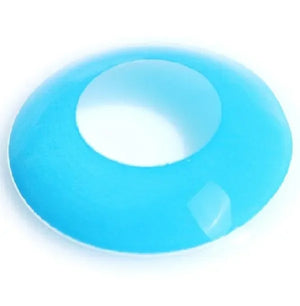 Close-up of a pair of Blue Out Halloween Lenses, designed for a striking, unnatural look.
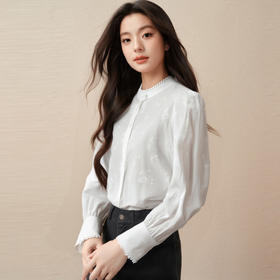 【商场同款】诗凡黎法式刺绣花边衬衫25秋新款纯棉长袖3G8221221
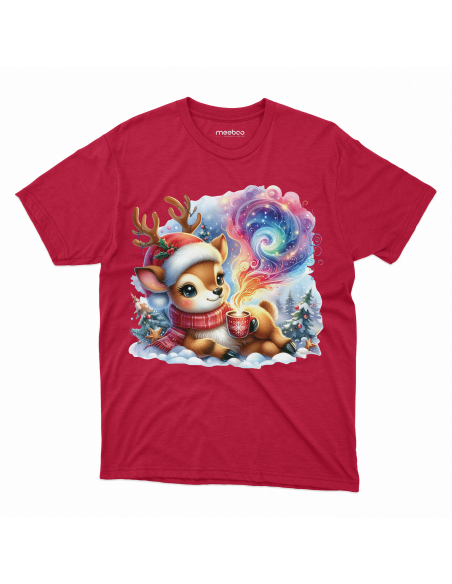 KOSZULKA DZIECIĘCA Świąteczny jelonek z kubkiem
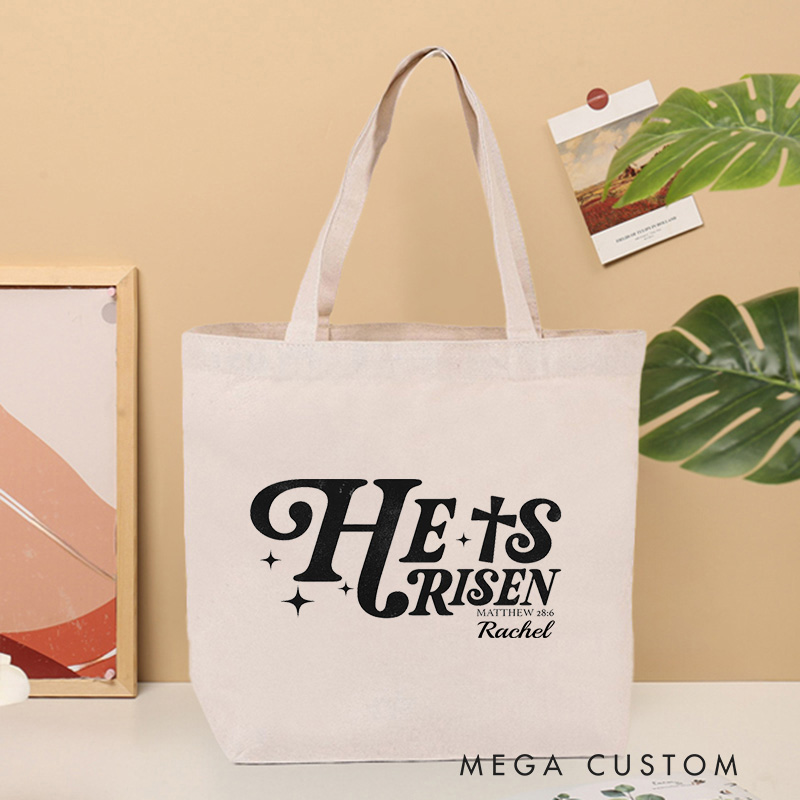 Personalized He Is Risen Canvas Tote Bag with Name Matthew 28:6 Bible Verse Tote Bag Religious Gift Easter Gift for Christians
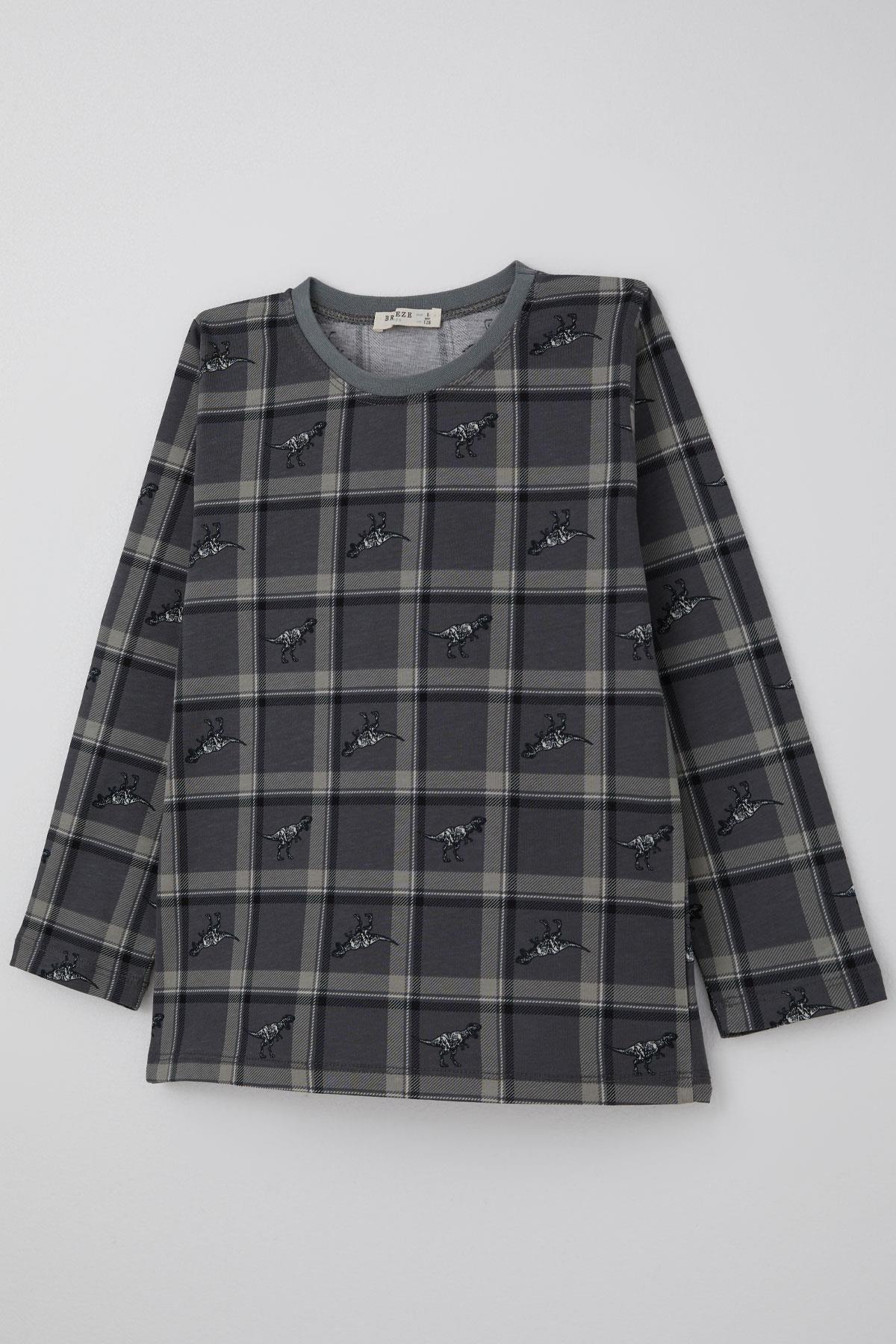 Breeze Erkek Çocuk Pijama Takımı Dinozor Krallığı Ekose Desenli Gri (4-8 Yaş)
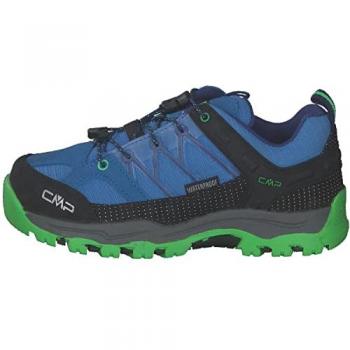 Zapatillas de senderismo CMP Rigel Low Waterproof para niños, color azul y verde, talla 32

---------------

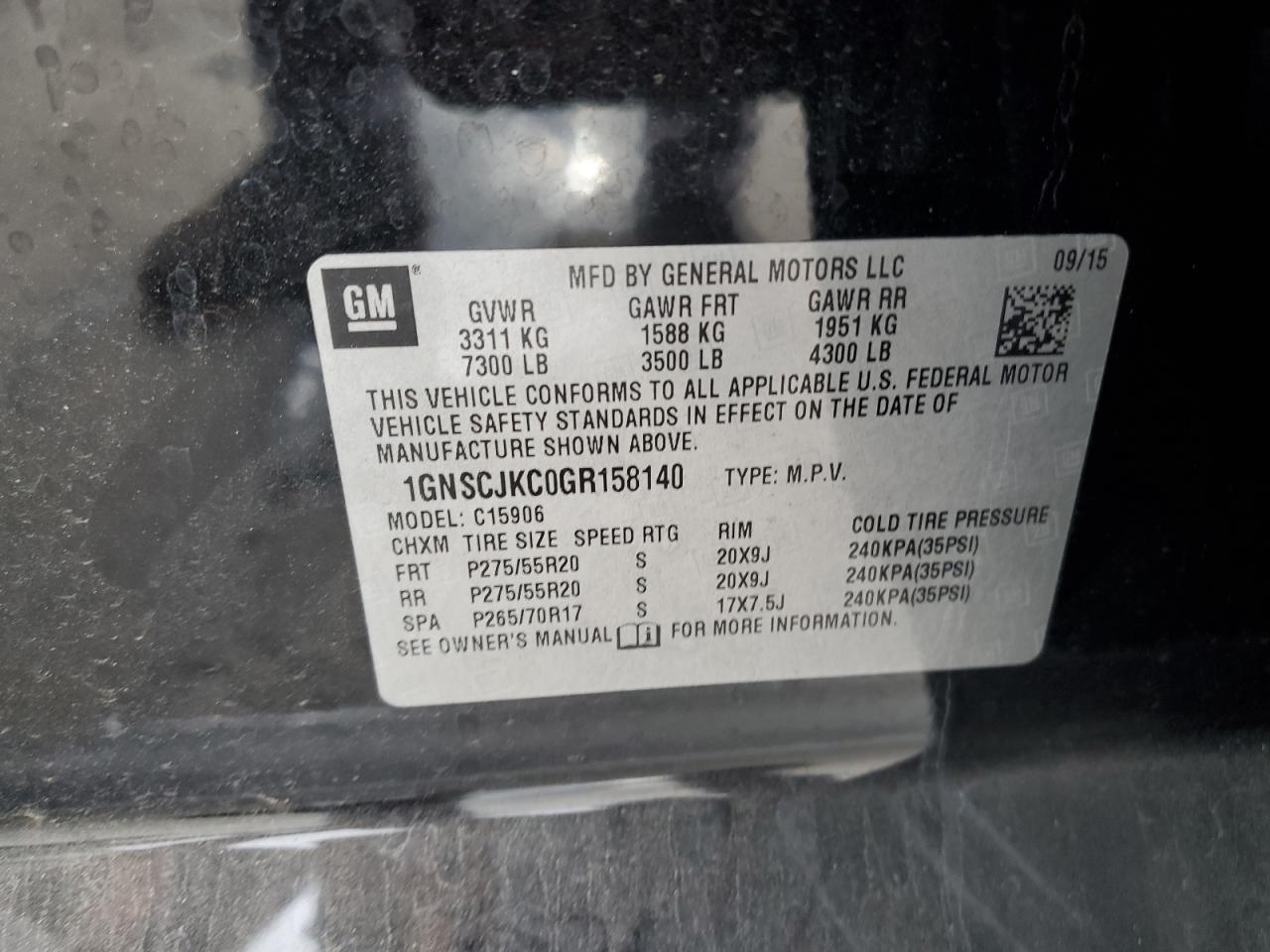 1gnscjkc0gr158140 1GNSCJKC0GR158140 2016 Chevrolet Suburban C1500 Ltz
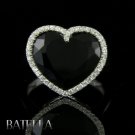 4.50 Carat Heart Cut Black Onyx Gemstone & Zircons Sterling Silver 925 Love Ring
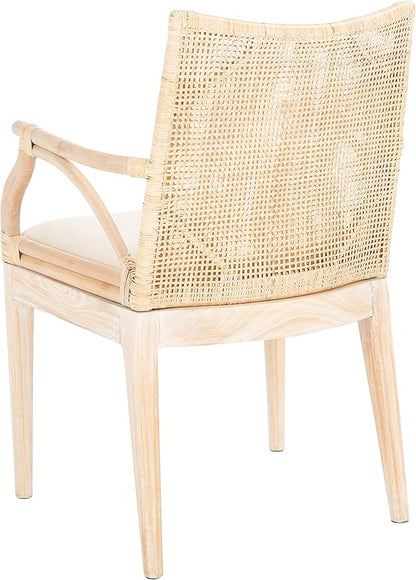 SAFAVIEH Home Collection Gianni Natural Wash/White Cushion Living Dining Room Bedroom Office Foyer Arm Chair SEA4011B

---------------

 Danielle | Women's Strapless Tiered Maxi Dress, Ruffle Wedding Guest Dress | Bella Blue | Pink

---------------

§ **Goal of the exercise**: In the records above, everything from the line with "Personalized He Is" down to the line with "Zapatillas de senderismo" is to be set down exactly, both ends included, with no pictures and no other lines.

§ **Output below**:
 Personalized He Is Risen Canvas Tote Bag with Name Matthew 28:6 Bible Verse Tote Bag Religious Gift Easter Gift for Christians
 Breeze Erkek Çocuk Pijama Takımı Dinozor Krallığı Ekose Desenli Gri (4-8 Yaş)
 Zapatillas de senderismo CMP Rigel Low Waterproof para niños, color azul y verde, talla 32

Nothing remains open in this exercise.